UNAM- Universidad Nacional Autonoma de Mexico

Wintersemester 2023/24
Mexico City
Foto: David Carballar, Unsplash
  • UNAM- Universidad Nacional Autonoma de Mexico

Meldung vom:

Korbinian, Bachelorstudent Geschichte

Vor der Bewerbung stellte ich mir mein Auslandssemester an der UNAM als etwas radikal Anderes und Neues vor, in meinem Kopf war es das genaue Gegenteil von Jena: Eine riesige Metropole und Universität, eine komplett andere Sprache und Kultur und ein anderes gesellschaftliches Klima, als es das kleinbürgerlich scheinende Jena mir vermittelte. Wie aus diesen Sätzen vielleicht hervorgeht, war ich zuvor noch nie außerhalb Europas gewesen und baute mir mein Auslandssemester ein Stück weit als Projektionsfläche auf.

Der Bewerbungsprozess selbst war eine emotionale Achterbahnfahrt. Zunächst kommuniziert die UNAM ausschließlich auf Spanisch (etwas, das mich gerade zu diesem Zeitpunkt noch überforderte), wobei die englischen Übersetzungen, die scheinbar willkürlich bei einigen Mails beigefügt werden, Google aussehen lassen wie einen professionellen Dolmetscher. Außerdem sollte man auf spontane Deadlines vorbereitet sein, die durchaus einmal drei Tage vorher in einer übersehenen Mail angekündigt werden.

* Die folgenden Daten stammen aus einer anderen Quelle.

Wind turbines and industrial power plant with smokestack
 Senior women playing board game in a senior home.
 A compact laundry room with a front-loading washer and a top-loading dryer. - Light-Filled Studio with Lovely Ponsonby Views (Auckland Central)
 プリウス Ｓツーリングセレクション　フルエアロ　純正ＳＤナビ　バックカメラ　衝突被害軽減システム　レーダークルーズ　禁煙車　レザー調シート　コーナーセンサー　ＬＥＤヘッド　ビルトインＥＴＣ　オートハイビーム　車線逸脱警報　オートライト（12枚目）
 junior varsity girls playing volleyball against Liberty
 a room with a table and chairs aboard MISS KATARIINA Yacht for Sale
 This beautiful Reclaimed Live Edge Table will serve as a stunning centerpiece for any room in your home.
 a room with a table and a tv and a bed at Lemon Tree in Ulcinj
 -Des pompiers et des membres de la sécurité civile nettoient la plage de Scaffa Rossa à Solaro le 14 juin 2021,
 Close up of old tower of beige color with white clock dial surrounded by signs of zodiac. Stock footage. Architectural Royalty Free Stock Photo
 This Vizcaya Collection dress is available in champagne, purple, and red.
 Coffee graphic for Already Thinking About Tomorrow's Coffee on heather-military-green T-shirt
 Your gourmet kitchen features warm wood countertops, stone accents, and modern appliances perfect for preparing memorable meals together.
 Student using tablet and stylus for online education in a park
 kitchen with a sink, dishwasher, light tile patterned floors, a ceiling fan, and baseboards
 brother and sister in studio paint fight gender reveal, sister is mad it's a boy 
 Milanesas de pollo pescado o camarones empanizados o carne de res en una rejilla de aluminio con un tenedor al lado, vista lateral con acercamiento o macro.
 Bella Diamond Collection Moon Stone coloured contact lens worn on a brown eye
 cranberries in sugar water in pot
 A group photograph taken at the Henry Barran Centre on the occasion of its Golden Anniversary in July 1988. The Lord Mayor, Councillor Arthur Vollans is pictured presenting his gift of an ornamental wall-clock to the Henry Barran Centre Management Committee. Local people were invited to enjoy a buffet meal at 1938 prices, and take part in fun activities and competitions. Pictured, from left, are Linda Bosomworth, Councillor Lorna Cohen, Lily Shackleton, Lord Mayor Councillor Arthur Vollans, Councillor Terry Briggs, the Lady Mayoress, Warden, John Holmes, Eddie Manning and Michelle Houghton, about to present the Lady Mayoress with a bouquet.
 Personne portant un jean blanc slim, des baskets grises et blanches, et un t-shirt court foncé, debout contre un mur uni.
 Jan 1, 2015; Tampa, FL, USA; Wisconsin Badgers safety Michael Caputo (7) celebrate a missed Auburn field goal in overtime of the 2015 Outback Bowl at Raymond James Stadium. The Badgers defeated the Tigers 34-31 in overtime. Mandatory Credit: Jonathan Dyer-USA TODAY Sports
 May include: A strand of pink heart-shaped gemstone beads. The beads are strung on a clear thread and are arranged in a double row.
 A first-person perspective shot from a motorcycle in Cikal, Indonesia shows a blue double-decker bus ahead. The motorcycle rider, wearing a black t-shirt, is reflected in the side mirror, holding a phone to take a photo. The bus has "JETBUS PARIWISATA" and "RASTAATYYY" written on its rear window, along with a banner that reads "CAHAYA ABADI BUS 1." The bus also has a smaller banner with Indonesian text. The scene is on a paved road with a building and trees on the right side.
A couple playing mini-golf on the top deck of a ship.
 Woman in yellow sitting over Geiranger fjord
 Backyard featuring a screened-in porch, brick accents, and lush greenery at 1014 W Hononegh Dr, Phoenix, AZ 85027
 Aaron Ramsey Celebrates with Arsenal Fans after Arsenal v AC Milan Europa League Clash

Gerade wenn es um das Sprachzertifikat geht, sollte man sich hier möglichst früh bemühen. Doch all dieser Stress lehrt, Ruhe zu bewahren. Die Mühlen mahlen an der UNAM nun einmal ein wenig langsamer und eine verpasste Deadline muss keineswegs das Ende der Welt bedeuten.

Nachdem ich den größten Teil dieses Brimboriums hinter mir gelassen hatte, sowie Flug und Reiseversicherung gebucht hatte (visumsfrei kann man als Tourist für 180 Tage einreisen), konnte ich mich an die Wohnungssuche machen. Hier hatte ich das Glück, dass eine Studentin aus Jena, die im vorigen Semester an der UNAM studiert hatte, mir ein Zimmer vermitteln konnte. Andere Austauschstudierende, die ich in Mexiko kennenlernte, quartierten sich erst einmal in Hostels ein, bevor sie sich dann in der Stadt und in einigen WhatsApp-Gruppen umsahen. Von der UNAM selbst wird leider nichts angeboten, auch Studierendenwohnheime sind Fehlanzeige.

Das Studienangebot an der UNAM ist überwältigend. Zwar wird der Studienalltag ein wenig verschulter gestaltet (auch eine Unterscheidung zwischen Vorlesungen und Seminaren existiert nicht), jedoch wird man von der Vielfalt der belegbaren Kurse dazu angeregt, seinen europäisch geprägten akademischen Denkhorizont zu überdenken und zu erweitern. Ich als Geschichtsstudent war besonders von einer viel stärkeren methodischen Offenheit beeindruckt.

Gerade zu Beginn fiel es mir schwer, einen sozialen Kreis aufzubauen. Zum einen gab es neben einer Willkommensveranstaltung keine offiziellen Events, um neue soziale Kontakte zu knüpfen, auch wenn einige Studierendenorganisationen Ausflüge für Austauschstudierende anboten, die besonders zu Anfang des Semesters sehr gut besucht waren. Zum anderen bereiteten mir Sprache (B2-Niveau vor Reiseantritt) und unterschiedliche kulturelle Prägung starke Schwierigkeiten, auf einem befriedigendem Gesprächsniveau zu kommunizieren. Auch nach besserem Beherrschen der spanischen Sprache in den späteren Monaten (hier halfen mir vor allem Uni und meine mexikanische WG), hatte ich oft das Gefühl, über das Gesprächsthema meiner Fremdheit nicht hinauszukommen. Auch durch meine Unkenntnis der kulturellen und sozialen Normen fand ich mich oft in einer Beobachterrolle wieder, die zwar sehr spannend ist, jedoch nach einiger Zeit auch ermüdend wirken kann.

Ich selbst habe mich während meines Semesters zu keinem Zeitpunkt unsicher gefühlt. Dennoch muss man sich daran gewöhnen, sich nachts nur mit Uber oder Taxi fortzubewegen und bestimmte Viertel zu meiden. Auch die in der mexikanischen Öffentlichkeit normalisierte Gewalt und Korruption bestimmen teilweise das gesellschaftliche Klima.

Trotz alledem war es ein wahnsinnig interessantes Semester und eine unglaublich bereichernde Erfahrung, die ich auf jeden Fall weiter empfehlen würde. Mexiko-Stadt ist wunderschön und scheint in seiner Riesenhaftigkeit doch nahbar und verfügt über ein riesiges kulturelles Angebot. Auch in Bezug auf Reisen ist das Land natürlich ein Paradies, in dem es an jeder Ecke etwas Neues zu entdecken gibt.